Rebound of Region of Interest (RROI), a New Kernel-Based Algorithm for Video Object Tracking Applications

Andres Alarcon Ramirez, Mohamed Chouikha

Department of Electrical and Computer Engineering, Howard University, Washington DC, USA

Email: alarconandres2001@gmail.com, mchouikha@howard.edu

Copyright © 2014 by authors and Scientific Research Publishing Inc.

This work is licensed under the Creative Commons Attribution International License (CC BY).

http://creativecommons.org/licenses/by/4.0/

Received 2 August 2014; revised 1 September 2014; accepted 27 September 2014

ABSTRACT

This paper presents a new kernel-based algorithm for video object tracking called rebound of region of interest (RROI). The novel algorithm uses a rectangle-shaped section as region of interest (ROI) to represent and track specific objects in videos. The proposed algorithm is constituted by two stages. The first stage seeks to determine the direction of the object’s motion by analyzing the changing regions around the object being tracked between two consecutive frames. Once the direction of the object’s motion has been predicted, it is initialized an iterative process that seeks to minimize a function of dissimilarity in order to find the location of the object being tracked in the next frame. The main advantage of the proposed algorithm is that, unlike existing kernel-based methods, it is immune to highly cluttered conditions. The results obtained by the proposed algorithm show that the tracking process was successfully carried out for a set of color videos with different challenging conditions such as occlusion, illumination changes, cluttered conditions, and object scale changes.

Keywords:

Video Object Tracking, Cluttered Conditions, Kernel-Based Algorithm

1. Introduction

Video object tracking can be defined as the detection of an object in the image plane as it moves around the scene. This topic has a growing interest for both civilian and military applications, such as automated surveillance, video indexing, human-computer interaction (gesture recognition), meteorology, and traffic management system [1] - [3] . Object tracking algorithms strive to detect a determined object through a sequence of images. Regularly, these object tracking algorithms use and correlate many pre-processing tasks, such as motion estimation and image segmentation.
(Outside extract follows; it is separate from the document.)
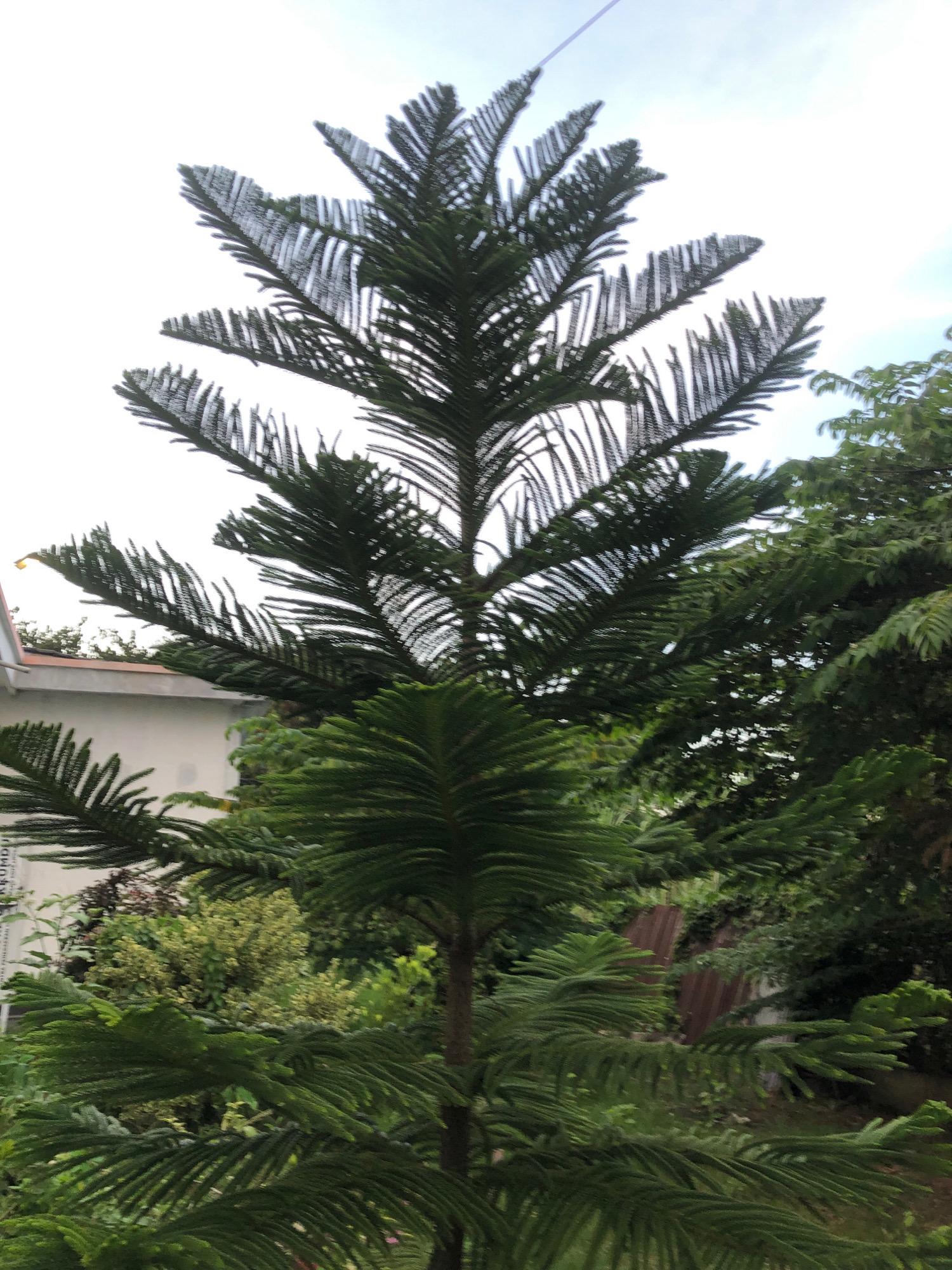 The image shows a tall, mature Norfolk Island pine tree with a symmetrical, pyramidal shape. The tree is densely covered with dark green, needle-like leaves arranged in horizontal whorls. The lowest branches are broad and spread outwards, while the upper branches become progressively shorter and more upright, tapering to a point at the top. The sky is overcast with a pale, hazy light. In the background, to the left of the tree, is a portion of a white building with a terracotta-colored roof, suggesting a residential or institutional setting. Behind the tree and to the right, lush green foliage from other trees and plants is visible, creating a dense, natural environment. The overall scene depicts a well-established tree in a tropical or subtropical urban landscape, likely in a location like Lhokseumawe, Indonesia, characterized by warm climate and abundant vegetation.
The process of tracking an object in a sequence of frames is directly dependant on the object representation being used. Some representations, for example, use interest points to identify the object to be tracked [4] . These interest points can be detected by using information based on differentiation operators [5] [6] , where changes in intensity between two adjacent pixels can emphasize the boundaries of the object of interest in the image. Other object representations use the object’s silhouette or object’s contour to extract information about the general shape of the object [7] [8] .

Cross-correlation [9] , on the other hand, was used to implement a face tracking algorithm for video conferencing environment. This method compares a region of the image with a known signal extracted from the object of interest, and then a measure of similarity is used to determine the exact position of the object being tracked in the next frame.

Aggarwal et al. [10] presented a methodology for video object tracking that was constituted by four steps, namely, background subtraction, candidate object identification, target object selection, and motion interpolation. Hossein and Bajie proposed a framework [11] for tracking moving objects based on spatio-temporal Markov Random field, and where were taken into account the spatial and temporal aspects of the object’s motion. Chun-Te et al. [12] used projected gradient to help multiple inter-related kernels in finding the best match during tracking under predefined constraints.

The main advantage of the proposed algorithm is that unlike existing kernel-based methods it is immune to highly cluttered conditions. Our strategy is based on the analyses of the changes that occur within the object being tracked, itself, ignoring the high variability that commonly is presented in the environment that surrounds the object being tracked. This novel strategy makes our algorithm more robust than the existing kernel-based methods in cluttered conditions.

This paper is organized as follows: In Section 2, we present the novel proposed algorithm to track an object through video sequences. In Section 3, it is shown the obtained results. Finally, Section 4 presents the conclusions of this work.

2. Description of the Proposed Algorithm

Two important stages constitute the proposed algorithm, namely, the motion estimation stage and the matching estimation stage. The first stage seeks to obtain an estimation of the direction of the object’s motion. The latter stage determines the location of the object being tracked in the next frame by evaluating a function of dissimilarity.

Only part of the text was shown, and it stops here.